I know this because we had a whole class on Leadership where for all of the semester we talked about not being theologians of glory (prideful/arrogant/all about yourself and your looks, etc.) but being theologians of the cross (Jesus).

You can also read 1 Corinthians 1-4. That will help also.


----------



## Me Died Blue (Oct 30, 2006)

Furthermore, even if it may often seem like one _is_ focusing on Jesus, with a theology of glory in can often be for the wrong reasons and in the wrong ways, expecting the wrong results. That's why the Cross balances that focus out as the focal point.

Actually, I would recommend Horton's own _In the Face of God_ for further treatment of this particular subject, as well as spirituality as a whole.


----------



## Romans922 (Oct 30, 2006)

I would suggest if anyone does anything with a theology of glory it IS for the wrong reasons b/c the theologian of glory is focused on things that are not Christ and the cross.


----------



## tewilder (Oct 30, 2006)

Romans922 said:


> He is talking about this:
> 
> http://www.amazon.com/Being-Theolog..._bbs_sr_1/002-6916765-3404027?ie=UTF8&s=books
> 
> ...



If it is simply to recommend the old familiar virtues of sincerity, humility, etc., then why the high falutin' terminology of theology of glory/theology of the cross? Just to sound clever?


----------



## R. Scott Clark (Oct 30, 2006)

The theology of the cross/glory distinction was a basic Protestant distinction. It became the archetypal/ectypal distinction (i.e., the distinction between the way God knows things and the way we know them) for both Reformed and Lutheran theologians. It was grounded in Deut 29:29. One does not find this exact language, e.g., in Calvin, but the substance is there.
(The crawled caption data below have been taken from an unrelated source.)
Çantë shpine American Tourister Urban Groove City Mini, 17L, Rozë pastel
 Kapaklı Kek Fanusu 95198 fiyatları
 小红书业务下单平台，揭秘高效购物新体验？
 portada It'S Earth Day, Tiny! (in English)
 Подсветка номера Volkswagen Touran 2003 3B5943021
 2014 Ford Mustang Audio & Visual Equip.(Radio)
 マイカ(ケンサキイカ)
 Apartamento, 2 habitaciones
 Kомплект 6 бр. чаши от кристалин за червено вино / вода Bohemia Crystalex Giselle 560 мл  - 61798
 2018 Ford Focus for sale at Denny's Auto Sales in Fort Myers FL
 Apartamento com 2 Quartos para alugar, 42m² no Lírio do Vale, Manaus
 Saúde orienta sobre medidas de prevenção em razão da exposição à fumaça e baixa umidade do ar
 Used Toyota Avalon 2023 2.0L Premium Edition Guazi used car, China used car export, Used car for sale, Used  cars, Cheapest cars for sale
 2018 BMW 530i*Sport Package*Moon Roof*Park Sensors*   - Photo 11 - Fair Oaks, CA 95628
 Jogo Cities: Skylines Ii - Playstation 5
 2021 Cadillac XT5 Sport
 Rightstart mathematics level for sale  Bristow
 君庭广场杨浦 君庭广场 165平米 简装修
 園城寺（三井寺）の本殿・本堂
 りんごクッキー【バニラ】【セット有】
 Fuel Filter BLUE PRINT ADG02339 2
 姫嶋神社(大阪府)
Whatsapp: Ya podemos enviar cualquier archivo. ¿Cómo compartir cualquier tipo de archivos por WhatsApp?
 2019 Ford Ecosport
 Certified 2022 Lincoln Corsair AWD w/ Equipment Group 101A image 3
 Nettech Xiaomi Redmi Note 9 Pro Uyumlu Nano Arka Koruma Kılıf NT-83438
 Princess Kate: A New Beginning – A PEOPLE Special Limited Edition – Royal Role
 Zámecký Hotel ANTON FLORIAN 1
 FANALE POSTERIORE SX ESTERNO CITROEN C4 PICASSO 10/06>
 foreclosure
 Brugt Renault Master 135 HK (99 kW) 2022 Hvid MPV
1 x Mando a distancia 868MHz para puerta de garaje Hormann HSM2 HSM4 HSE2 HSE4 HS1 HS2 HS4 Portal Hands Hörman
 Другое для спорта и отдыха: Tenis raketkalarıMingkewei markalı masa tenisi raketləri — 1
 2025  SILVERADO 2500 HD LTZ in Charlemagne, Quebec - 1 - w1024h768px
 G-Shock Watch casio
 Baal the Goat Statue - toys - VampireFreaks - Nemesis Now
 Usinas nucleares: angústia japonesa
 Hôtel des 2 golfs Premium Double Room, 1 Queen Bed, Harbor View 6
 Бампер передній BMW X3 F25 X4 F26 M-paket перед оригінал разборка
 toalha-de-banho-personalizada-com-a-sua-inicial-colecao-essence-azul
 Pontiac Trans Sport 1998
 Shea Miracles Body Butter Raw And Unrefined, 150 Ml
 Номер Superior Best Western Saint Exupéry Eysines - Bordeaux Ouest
It's a way of speaking of the Creator/creature distinction and its correlates. It's a categorical distinction. Luther meant by it to deny both Roman moralism (justification by sanctification) and to deny rationalism (in this case = identification of the human intellect with the divine as he rightly perceived Thomas to do). It also entails, I argue, an eschatology and ethic. 

Richard Muller correlated the TC/TG distinction with the TA/TE distinction in 1986. See 

Richard A. Muller, "Scholasticism Protestant and Catholic: Francis Turretin on the Object and Principles of Theology," _Church History_, 55 (1986): 193-205. The same stuff is also in his _Post-Reformation Reformed Dogmatics_ vol. 1

rsc


----------